READ ALSO: German students to get higher grants from winter 2022

View of the Martin Luther University (MLU) campus in Halle.

View of the Martin Luther University (MLU) campus in Halle. Photo: picture alliance/dpa | Hendrik Schmidt

Minimum wage goes up

For stonemasons and people in the stone-sculpting trade, new industry minimum wages will apply from August 1st 2022; instead of €12.85 per hour, employees will get 50 cents more, raising it to €13.35. Independently of this, there is also the German statutory minimum wage, which will increase to €12 in October.

Digital step for founding companies

From August 1st, anyone who wants to establish a GmbH (a company with limited liability) or KG (limited partnership) can do so without having to attend the notarial certification in person – they can also do it via online video communication.

This is regulated by the Act on the Implementation of the Digitalisation Directive (DiRUG). “The parties involved are identified by means of an electronically transmitted photograph in conjunction with an electronic proof of identity, e.g. the German identity card with eID function,” explains the Hanover Chamber of Industry and Commerce.

Pupils return to the classroom – or go on holiday

Schools in several states will return after the summer break in August. But the southern states of Baden-Württemberg and Bavaria are the last to go off on their school holidays – at the end of July and on August 1st respectively.

Cheaper medicines in the pharmacy

Patients who are prescribed biopharmaceuticals (or biologics) by their doctor, which are often used for Crohn’s disease, arthritis or cancer, can be given cheaper medicines of the same type at the pharmacy from August 16th. This is regulated by the “Law for More Safety in the Supply of Medicines”.

The biosimilars, i.e. similar biological medicines, are to come into circulation more quickly, and drug costs are to be reduced. The law is intended to relieve the burden on health insurance companies.
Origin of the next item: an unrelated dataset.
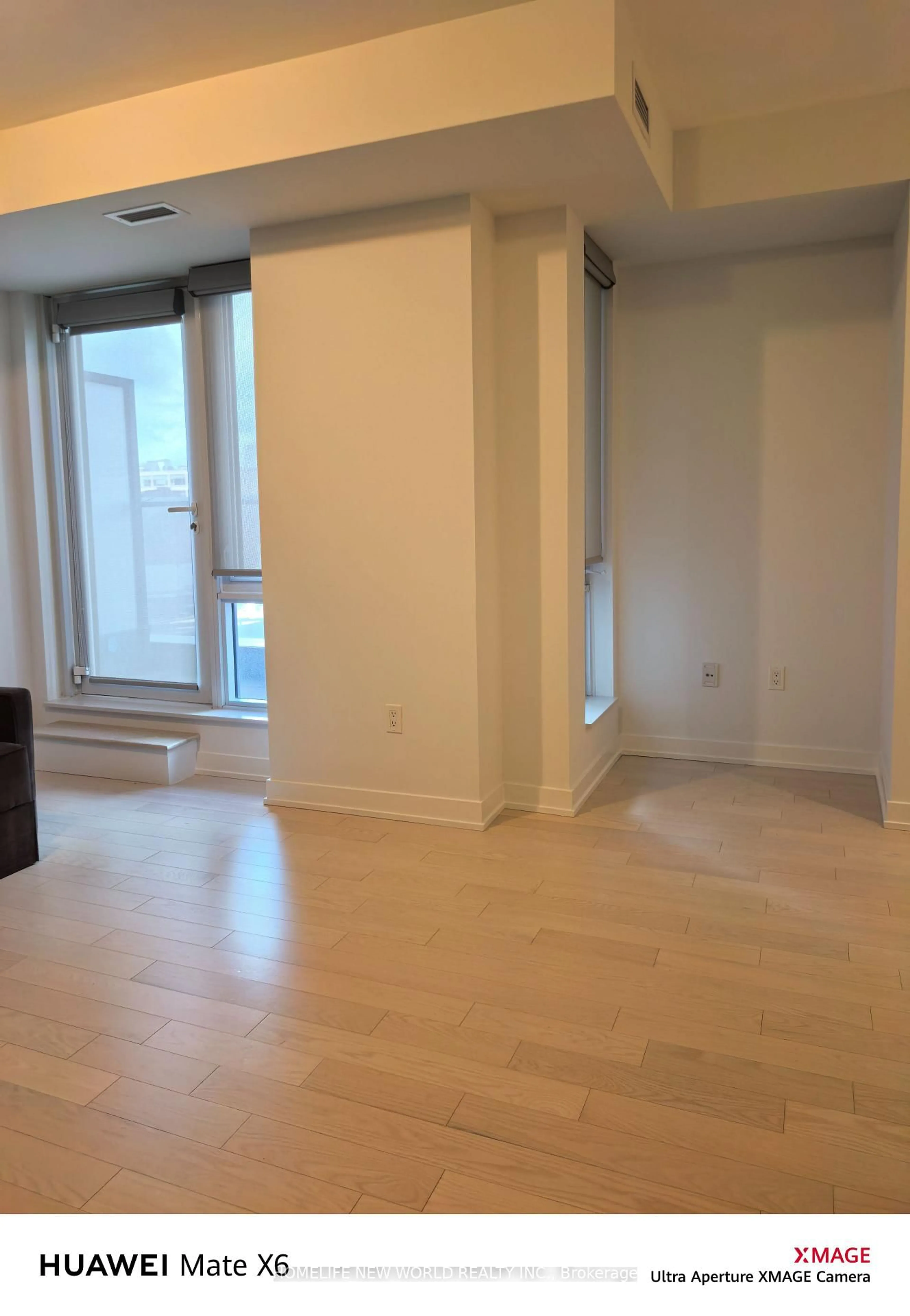 A pic of a room for 330 Richmond St #605, Toronto Ontario M5V 0M4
The imitation products are produced and tested by the European Medicines Agency (EMA) under strict criteria as soon as the patent for a drug expires, and are considered to be just as effective as the respective original.

General measles vaccination mandate in care facilities applies

Since March 2020, measles vaccinations have been compulsory in communal facilities such as Kindergartens, asylum seekers’ and refugees’ accommodation and in medical facilities – for caregivers and other employees in the facilities.

Those who already worked in one of the above-mentioned facilities before March 2020 were granted a transitional period until July 31st 2022 to present proof of vaccination.

People who do not comply with the vaccination obligation will be banned from care or work from August 1st, and could also face fines of up to €2,500 if they flout the rules. People who cannot get the vaccination for medical reasons and those born before 1971 are exempt from the measles jab mandate.

A vaccination pass with the measles box ticked.

A vaccination pass with the measles box ticked. Photo: picture alliance/dpa | Tom Weller

Titanium dioxide banned in food

Titanium dioxide is used as a whitening agent in wall paints, varnishes, cosmetics and medicines. But foodstuffs such as chewing gum, sweets, baked goods, soups and salad dressings also often rely on it, especially in the USA. It’s found on the packaging as the additive E171.

As of August, however, titanium dioxide can no longer be used in food production in Europe. The European Commission imposed the ban because it could not be ruled out that the chemical substances could alter “genetic cell material” and that the food additive could therefore no longer be considered safe. In France, titanium dioxide hasn’t been used in food since 2020.